(GIVEN ENTRIES)

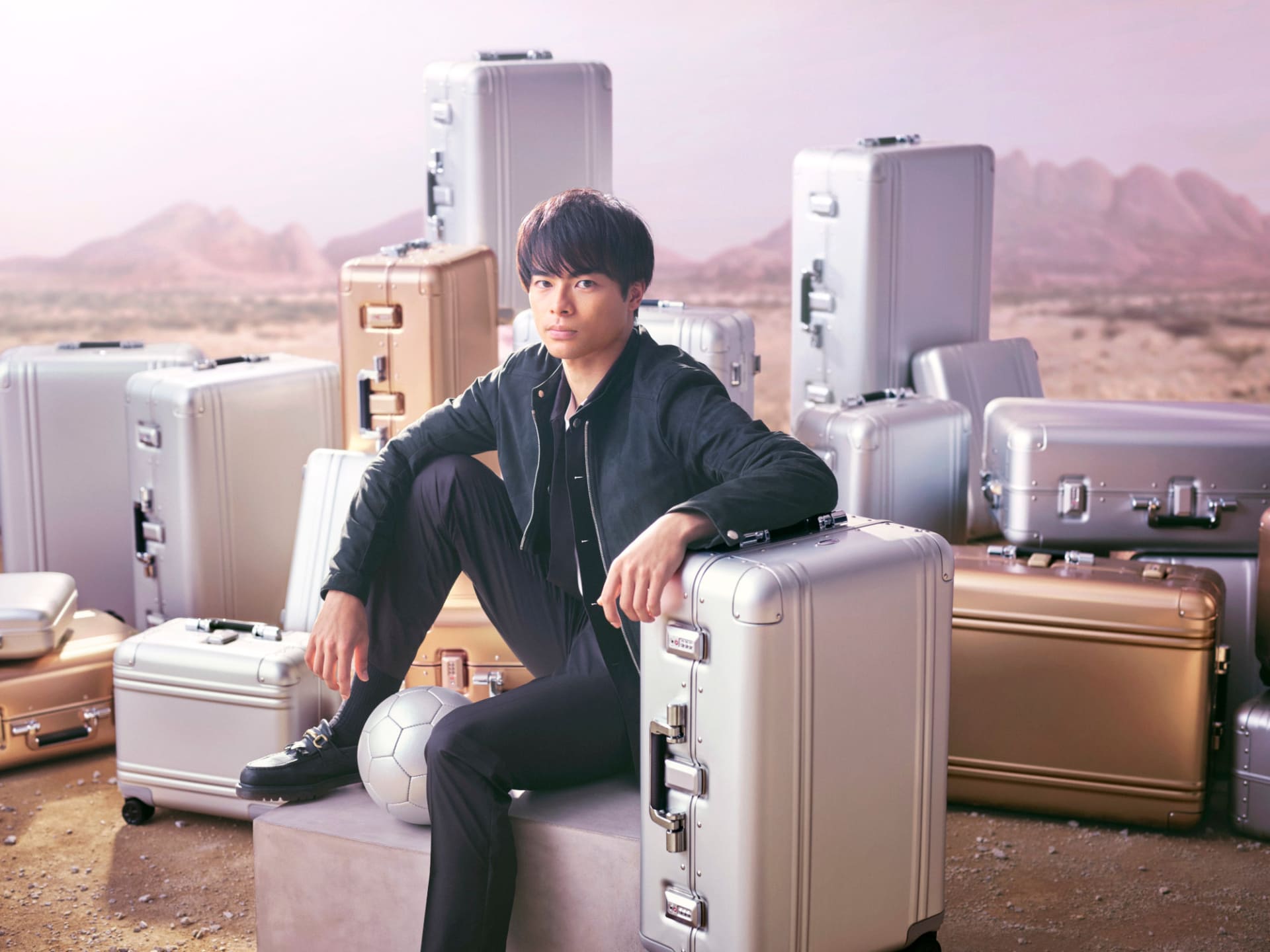 三苫選手を起用したキービジュアル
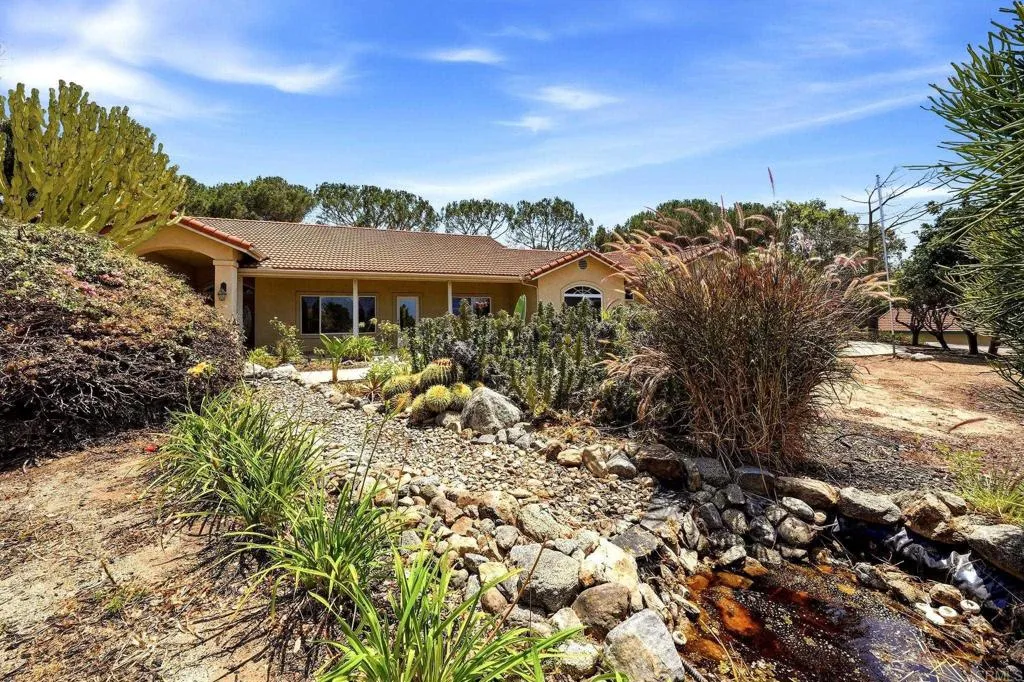 main property photo 46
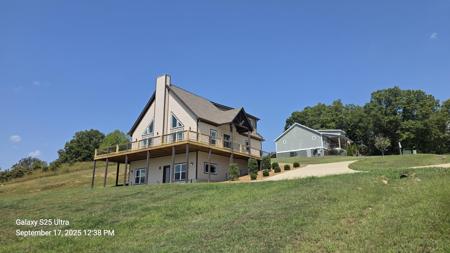 37 Lakeview Dr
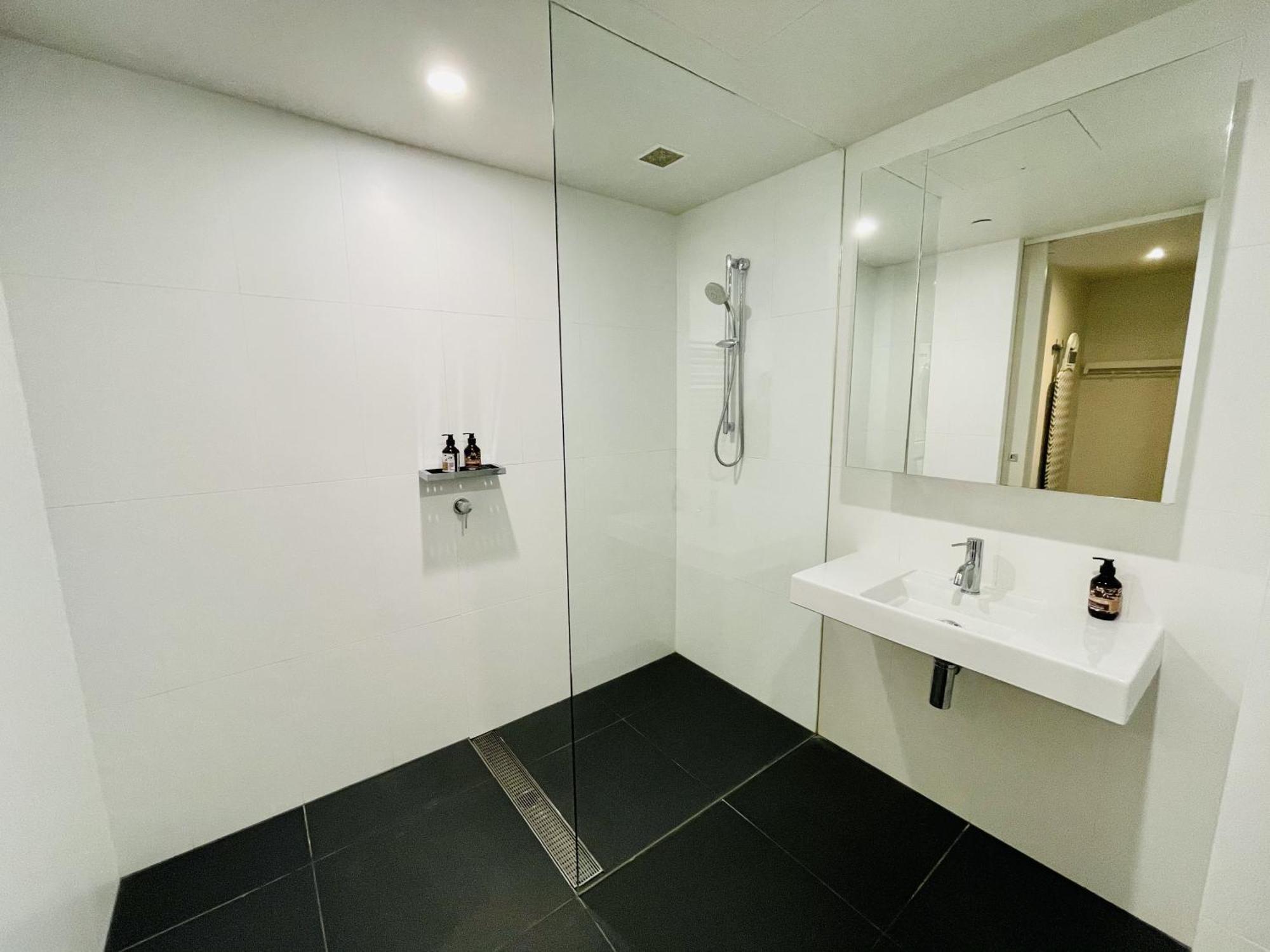 Nishi Holiday Apartments Canberra Kamer foto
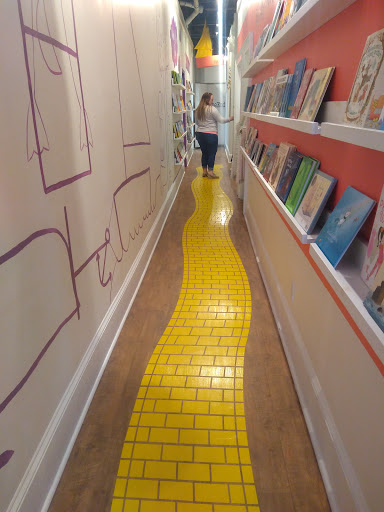 Book Store «The Story Shop», reviews and photos, 124 N Broad St, Monroe, GA 30655, USA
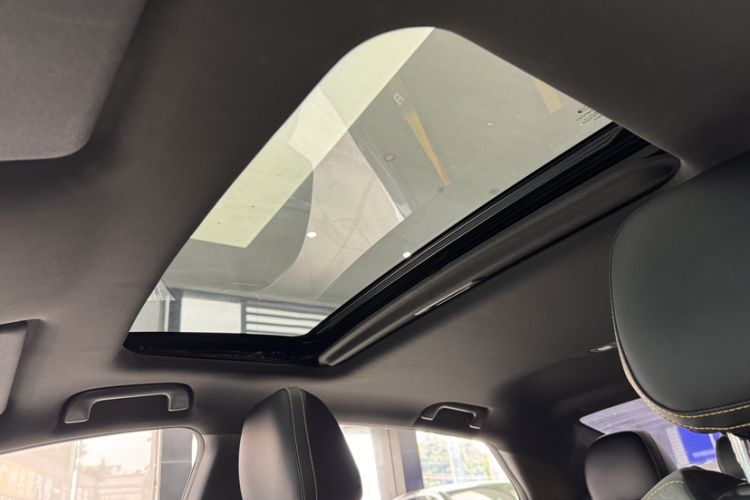 Used GAC Trumpchi EMPOW 2023 270T DCT J15 Version Headliner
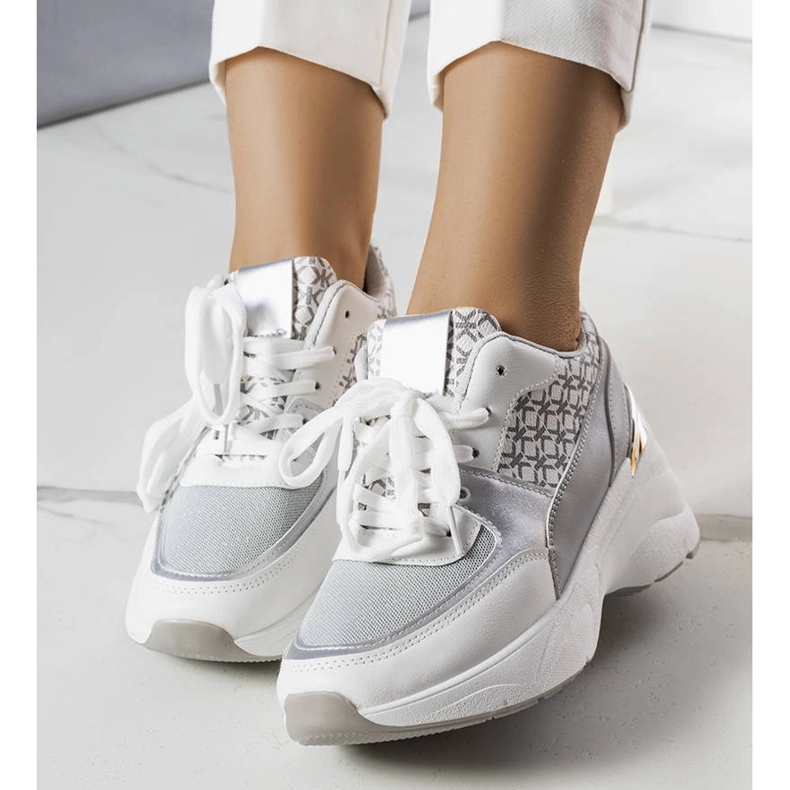 Harmaat tennarit, jotka on koristeltu Lora-monogrammilla 1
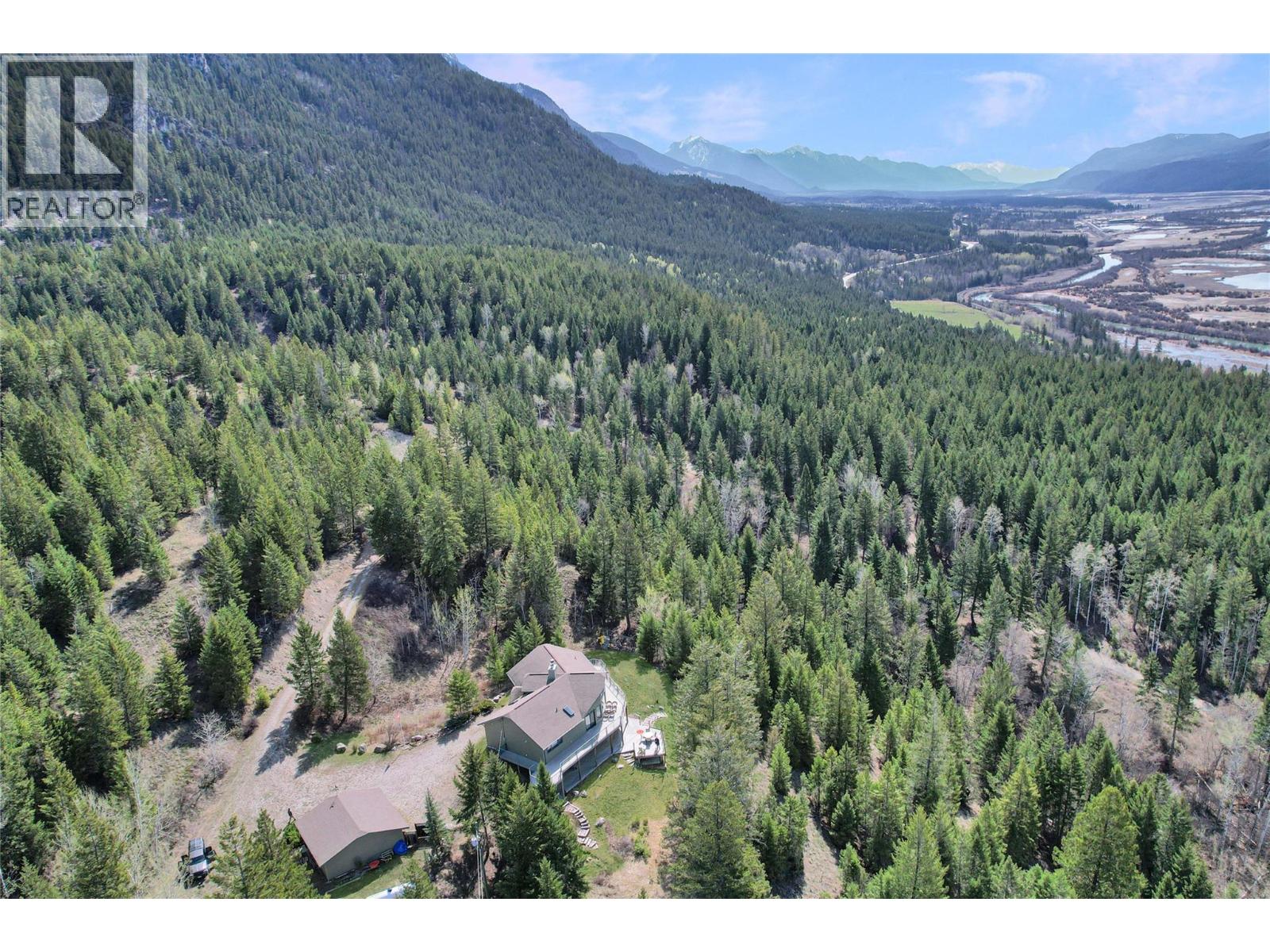 2360/2380 95 Highway, Spillimacheen, British Columbia  V0A 1P0 - Photo 93 - 10400702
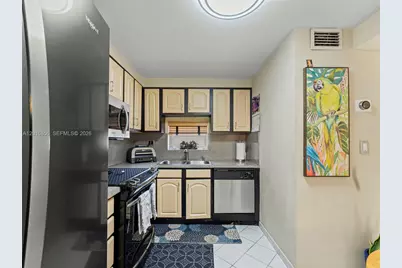 9820 S Hollybrook Lake Dr #208, Pembroke Pines, FL 33025 - Photo 5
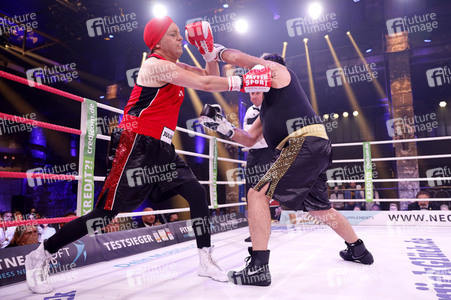 1. Kampfabend 'Das große SAT.1 Promiboxen' in Köln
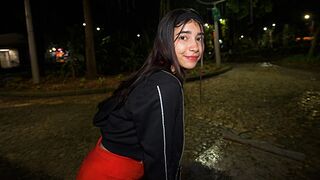 Public pick-up se termine dans un trio sauvage quand vous acceptez de anal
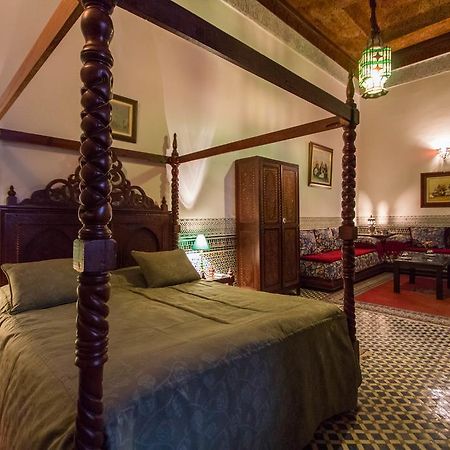 Dar Al Andalous Hotel Fez Bagian luar foto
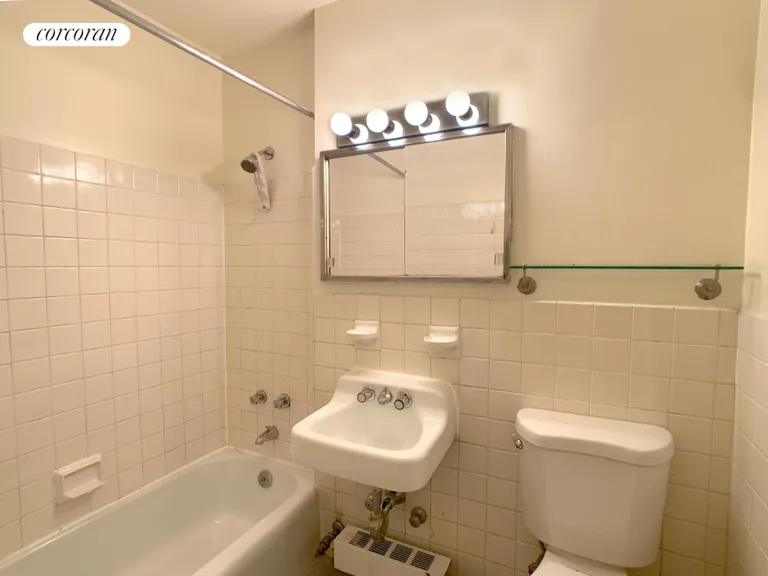 New York City Real Estate | View 85 Livingston Street, 16J | Full Bathroom | View 5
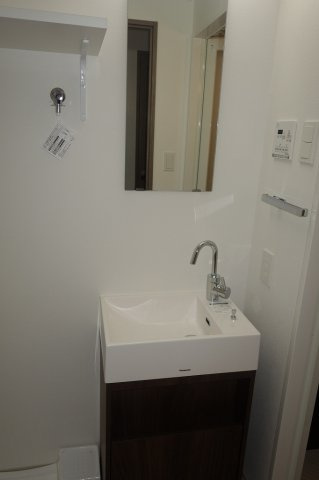 グランエール森下WESTの独立洗面台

(End GIVEN ENTRIES)

## TASK REQUIREMENTS
Transcribe the whole listing exactly. Pictures stay out of your copy.

## OUTPUT OF THE EXERCISE
 三苫選手を起用したキービジュアル
 main property photo 46
 37 Lakeview Dr
 Nishi Holiday Apartments Canberra Kamer foto
 Book Store «The Story Shop», reviews and photos, 124 N Broad St, Monroe, GA 30655, USA
 Used GAC Trumpchi EMPOW 2023 270T DCT J15 Version Headliner
 Harmaat tennarit, jotka on koristeltu Lora-monogrammilla 1
 2360/2380 95 Highway, Spillimacheen, British Columbia  V0A 1P0 - Photo 93 - 10400702
 9820 S Hollybrook Lake Dr #208, Pembroke Pines, FL 33025 - Photo 5
 1. Kampfabend 'Das große SAT.1 Promiboxen' in Köln
 Public pick-up se termine dans un trio sauvage quand vous acceptez de anal
 Dar Al Andalous Hotel Fez Bagian luar foto
 New York City Real Estate | View 85 Livingston Street, 16J | Full Bathroom | View 5
 グランエール森下WESTの独立洗面台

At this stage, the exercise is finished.